On May 26, county commissioners took that action, voting to redesignate 13 acres of unbuilt road strips as conservation land in the county-owned neighboring Pine Glades Natural Area. That removed the need for several buffers and setbacks that the builder sought to waive.
When Sachs, during a public hearing on that action, asked why the matter had come up just six weeks after the zoning refusal, county staff didn’t answer.
Internal emails obtained by racing fan Jennifer Davis showed that the action came about to neutralize the developers’ legal challenge.
That challenge remains in play now, as it was put on hold but never lifted. Additionally, the landowner can ask a court to simply overrule the commission’s decision or pursue damages for the lost value of its 175 acres.
A similar challenge in West Palm Beach in 2014 took a year to go through a trial court and an appeals court before the zoning decision was thrown out.
A trial seeking damages would force the landowner to present proof of the land’s value, land that experts last year said could be worth as much as $1 million per acre.
Commissioners also gave the landowner the option of submitting a new zoning request without a required one-year waiting period.
While county staff did not respond to several recent requests to explain their May actions, Hvizd spoke out at Thursday’s meeting. She said the commissioners had been briefed in private, which appeared sufficient to her.
“We don’t advise county commissioners in our emails and we don’t do it in public,” she said, adding that by failing to publicly state the reason for the action, staff did not do anything unethical.
By keeping the matter quiet, however, it passed without any protest from racing fans, who didn’t know it was even being contemplated and didn’t find out until October.
‘The correct legalese’
As commissioners deliberated, they appeared resigned to vote in favor of the warehouses.
Marino said she had experience racing on the track and had been working on solutions.
“Your voices have all been heard,” she said. “We’re not trying to put racing out of business.”
Bottom line though, the county doesn’t have enough money to buy the property, Marino said, adding if 100 racing fans put up $1 million each, “we’re talking about a price of that much to do it.”

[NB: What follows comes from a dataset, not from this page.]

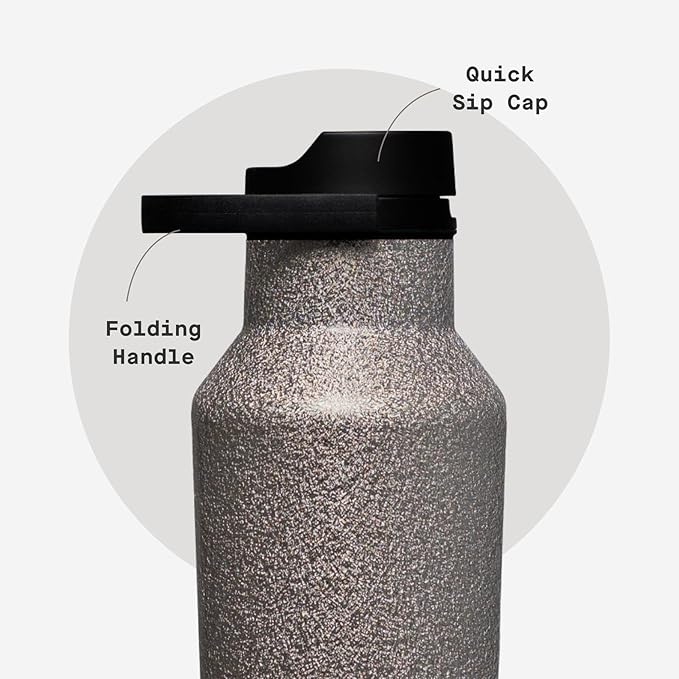 Corkcicle Sport Canteen - Keeps Drinks Cold 25 Hours - Stainless Steel Water Bottle - Triple-Insulated - Spill-Proof - Summer Drinkware Gift - Keeps Drinks Ice Cold - 20 oz - Steel Shadow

Baxter, who described herself as probably most “race friendly” among commissioners because she spends time at tracks with her husband and children, said she, too, couldn’t find a way to avoid the inevitable.
“I have asked question after question to find some substantial evidence to help you,” she told the racing fans. “I can’t tell you how much digging I have done. I just have not been able to find it.”
But when Marino’s motion failed, Baxter sprang forward with a motion to deny. Bernard seconded.
Warned that the move could lead to legal action, Sachs, a lawyer, urged them on.
“We have discretion as elected officials to reach decisions,” she said, “if we frame our denial with the correct legalese — magic words.”